▸ Exercise: Leave the pictures out and write out exactly the lines from the top of the entries through the line containing "Mann mit Gabel".

▸ Recorded information:

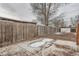 Backyard with a wood fence, mature trees and a small storage shed at 3361 S Dahlia St, Denver, CO 80222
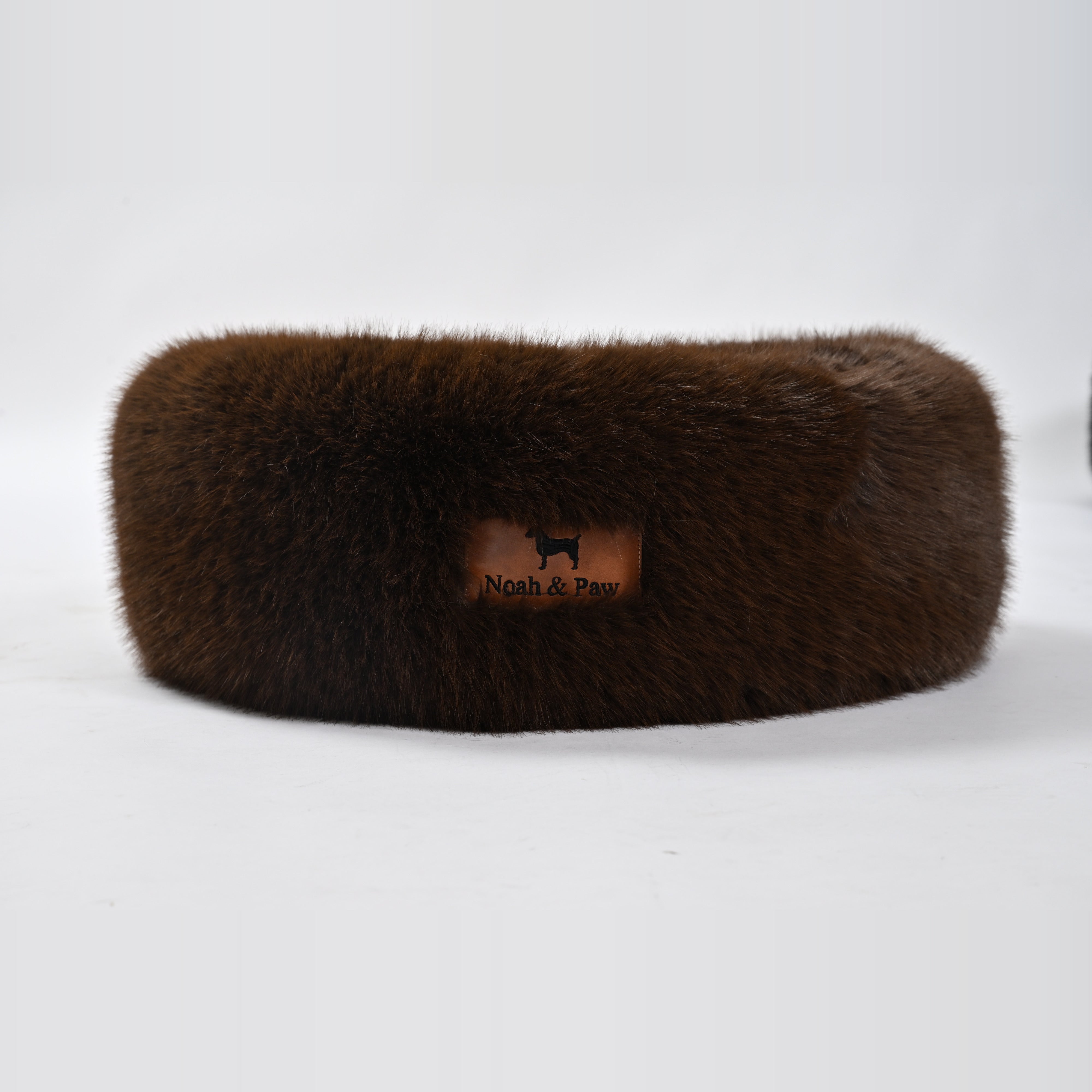 Brown donut dog bed side view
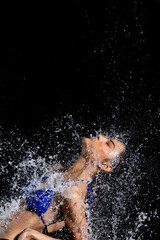 Obraz na płótnie Canvas Tanned skin Asian woman in bikini poses in aqua studio. Splash Drops of water spread to body. Fun emotion female girl on water attack fluttering and stop motion freeze shot, black background isolated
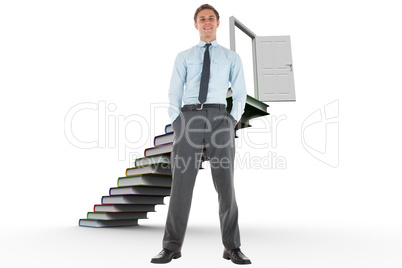 Composite image of happy businessman standing with hands in pock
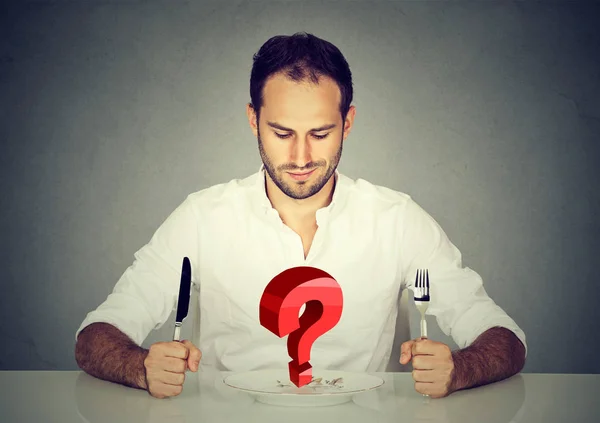 Mann mit Gabel und Messer sitzt am Tisch und blickt auf Teller mit großer roter Frage — Stockfoto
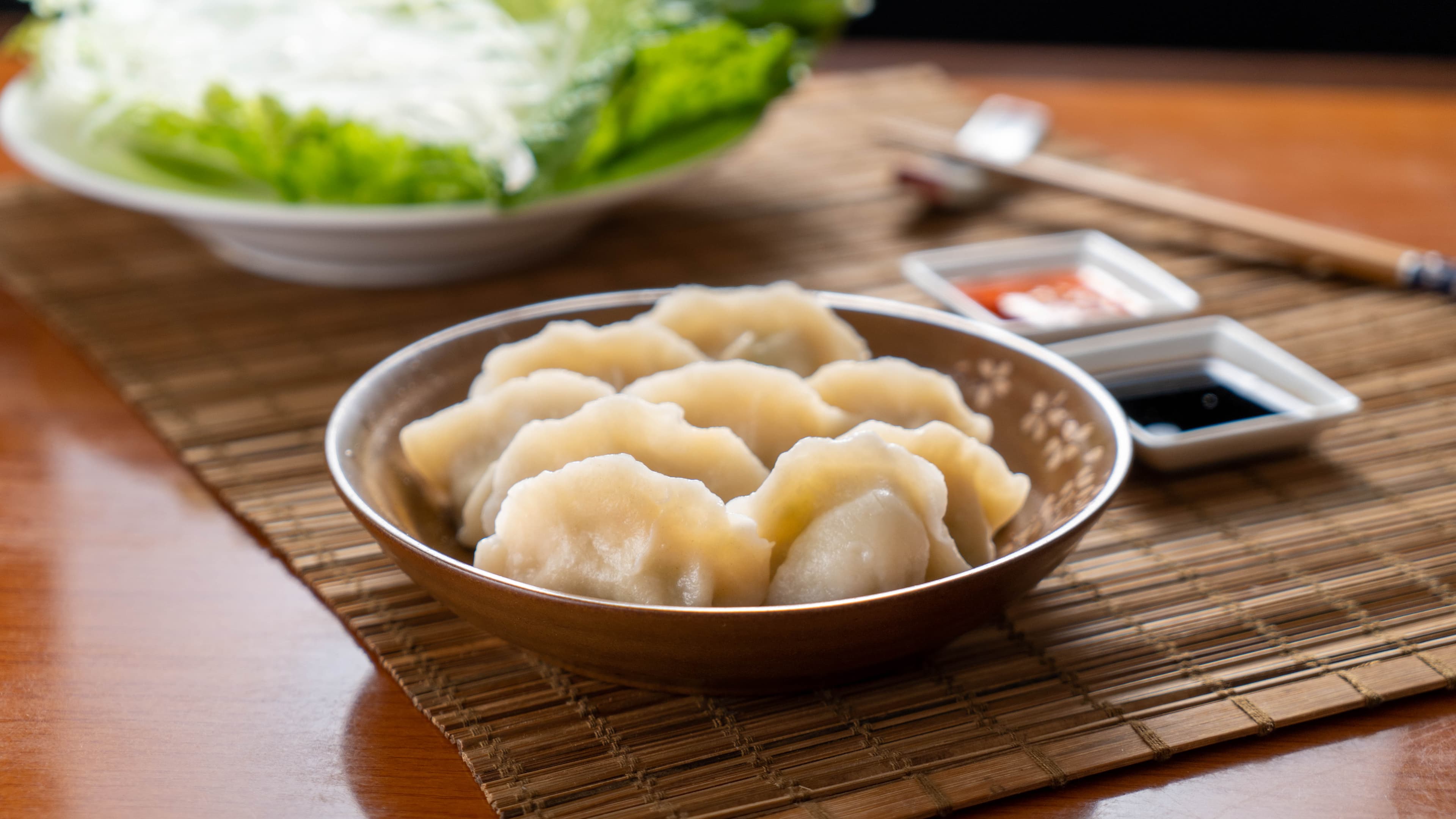 Pork & Napa Cabbage Pork Dumpling - Savory pork-filled dumplings complemented by the freshness of Napa cabbage, offe | Dumpling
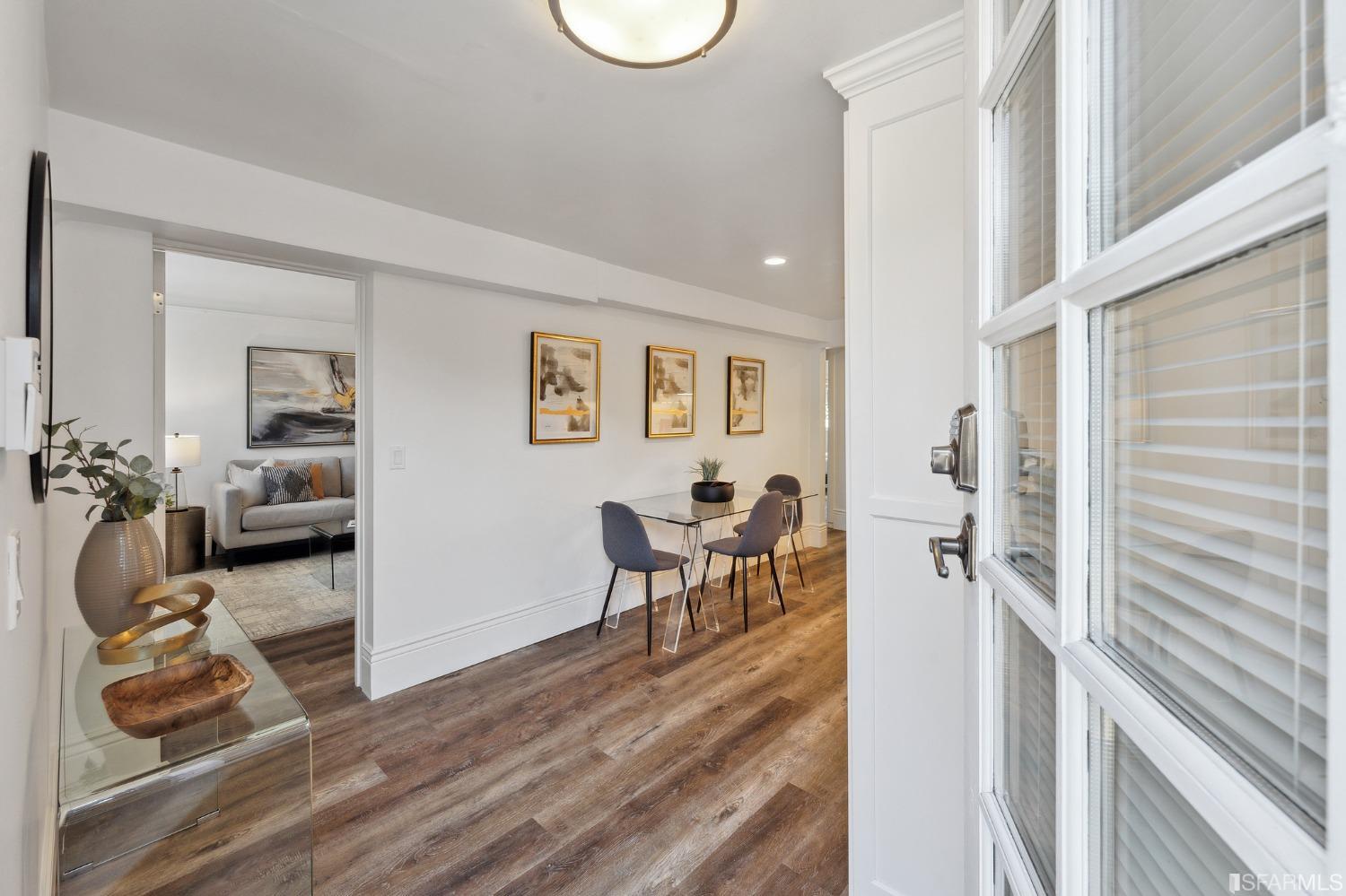 445 Clipper Street San Francisco, CA 94114 - Photo 42 of 62 a view of a livingroom with furniture and a wooden floor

▸ Written response:
 Backyard with a wood fence, mature trees and a small storage shed at 3361 S Dahlia St, Denver, CO 80222
 Brown donut dog bed side view
 Obraz na płótnie Canvas Tanned skin Asian woman in bikini poses in aqua studio. Splash Drops of water spread to body. Fun emotion female girl on water attack fluttering and stop motion freeze shot, black background isolated
 Composite image of happy businessman standing with hands in pock
 Mann mit Gabel und Messer sitzt am Tisch und blickt auf Teller mit großer roter Frage — Stockfoto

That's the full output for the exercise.